Surely you trust the Auditors?
Most companies have external auditors come in to ensure that regulator measures and processes are in place for a variety of reasons.
In the case of auditors, they need to seem validate and have access to some immensely critical and valuable company data, even to the point they have to access and review the crown jewels of your company.
Similar to penetration testing there are a set of rules put in place on what the auditors can and can’t do. These are agreed before the work takes place.
Here’s something to think on the next time auditors turn up at your company.
We have one of the big four auditing firms turn up to do the end of financial year checks. This is greeted with the normal groans and eye rolling as different departments have to stop what they are doing and spend quality time talking over check list and best practices.
Normally, I don’t get involved, other than to my veiled comments on how pretty they managed to make a Nessus scans look of our external systems and gee wasn’t that worth the money. This time I had a much more hands on role.
I received an alert that one of our systems had detected two rather nasty pieces of malware from a USB drive. What made this different was the machine wasn’t on our regular asset list. A quick bit of checking pulled up this was a loan machine and was being used by the auditors and an auditing account was logged in. Then the same system alerted again with the same two pieces of malware. Now, we have a clean or kill policy on malicious software with the AV software, so the USB drive would have be cleaned, so the spider-sense alert jumped up by a factor of four. Either someone had a number of infected USB drives or something else was going on.
A quick jog up stairs, with the trusty incident response kit, to the location of the machine put me face to face with one of the financial system auditors. This happy chap was logged in to our major finance system doing “stuff”.
“Have you just used a USB drive in this computer?” I politely questioned after noticing no USB drive anywhere in sight. “Not me” replied smiling auditor.
“Has anyone from your team plugged on here in the last few minutes?”
After contemplating the higher meaning of my question and possibly calculating Pi to 2000 digits, he slowly responded perhaps his colleague just did. I asked him to stop what he was doing, and take me to this colleague.
This group of auditors had been using one of the nearby meeting rooms, and fortunately they were all here at the same time. I found another nice, polite, smiling auditor with the USB drive that had just been used in our company PC plugged back in to his laptop.
I told him and the room of auditors that USB drive had a piece of financial data stealing malware on it, the smiles in the room suddenly vanished. I got a chorus of “but we have antivirus software on our machines so it can’t be possible” and “I’ve never plugged this into anything other than our computers”. A very quick demo to the room proved them all horribly wrong. On my response laptop, I inserted the USB drive (in read only mode) and showed them the obfuscated autorun.inf file plus the hidden folder containing the malware on the USB drive. Then I got one of them to plug in a clean formatted USB drive from my response kit in to his laptop. As if by magic an autorun.inf file appeared on the USB drive. Again on the response laptop I show them the hidden files and malware.
Whoops. This meant the malware had subverted their AV on all five laptops. Not a good sign, especially as one of the malware copied itself over via shares and they had VPN back to the home office.
This was the point when in to containment mode.

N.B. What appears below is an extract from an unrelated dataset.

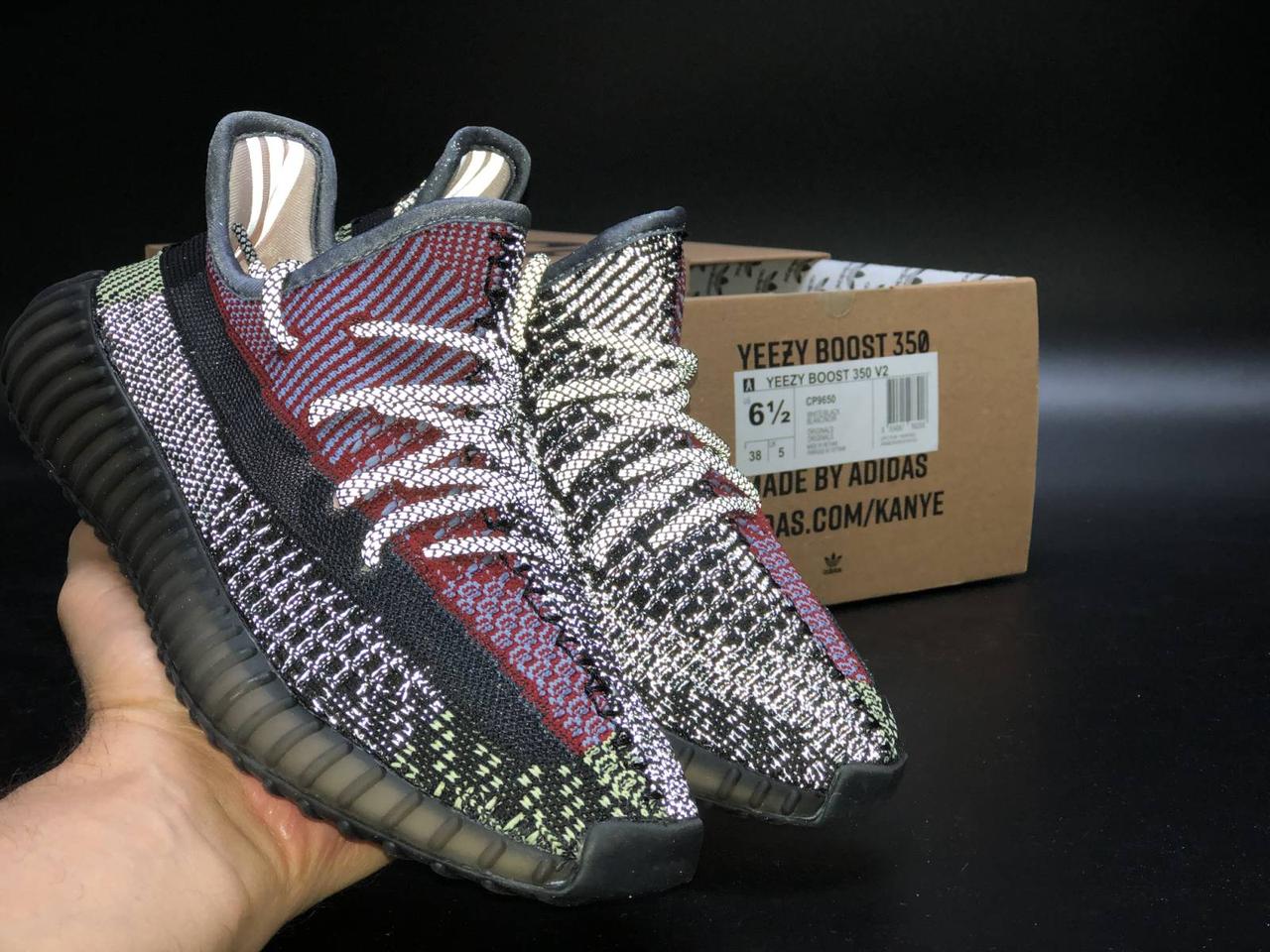 Жіночі чорні Кросівки Adidas Yeezy Boost 350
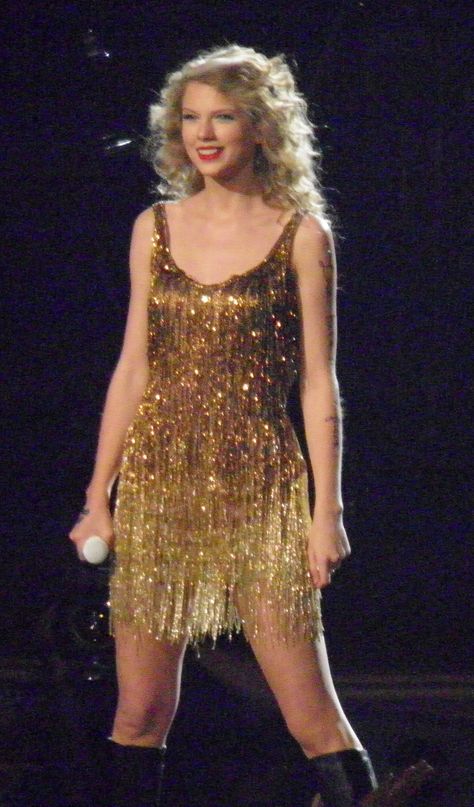 "i have to believe in love and i have to believe in fairy tales" Sparks Fly Outfit, Taylor Swift Iconic Concert Outfits, Taylor Swift Sparks Fly Outfit, Fearless Dress Taylor Swift, Taylor Swift Concert Looks, Fearless Taylor Swift Aesthetic Outfits, Taylor Swift Performance Outfits, Taylor Swift Sequin Dress, Taylor Swift Speak Now Tour Outfits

I called in our internal audit team, confiscated all the auditors USB devices and asked them to contact their IT team. After a very brief conversation with management, I had to escort the auditors and their infected systems out of our offices.
Once they were out of the office, the pc the alerts can from was analysed as was any internet traffic from or to it. A quick report was then fired off to various audit and management teams. After a number of communications and with freshly built computers, the auditors came back on site to finish their work the next day.
Some of points from this worth mentioning:
- The AV on our systems clearly displayed a clear “You’re infected!” alert each and every time an infected USB stick was plugged in. This was ignored and not reported.
- The auditors did not have permission to use USB devices in our system; however they had no statement from my company not to.
- We do have a policy of no USB drives, but it’s a paper policy only, despite repeatedly issues.
- The auditors are all very smart people, but showed little tech/security knowledge savvy.
- I bagged up the USB drives in a custody bag, but they were still properly of the auditing company, so I couldn’t do any forensics on the drives.
- The auditors were only allowed back on site after a written letter of assurity was provided to our company that they their systems and devices were clean and they were not to plug any devices into to our network. Data was to be transferred by only audited methods only.
- Kicking auditors out in mid audit has a large dollar amount assigned to it, so not done lightly or without management approval.
- Our incident response plan ensured no data was leaked and we had the situation under control in less than 30 minutes after the first detection of malware.
Take from this what you will. I at least found the irony of financial auditors auditing our system with a financial stealing Trojan amusing. Well, after I had proved it had done us any harm.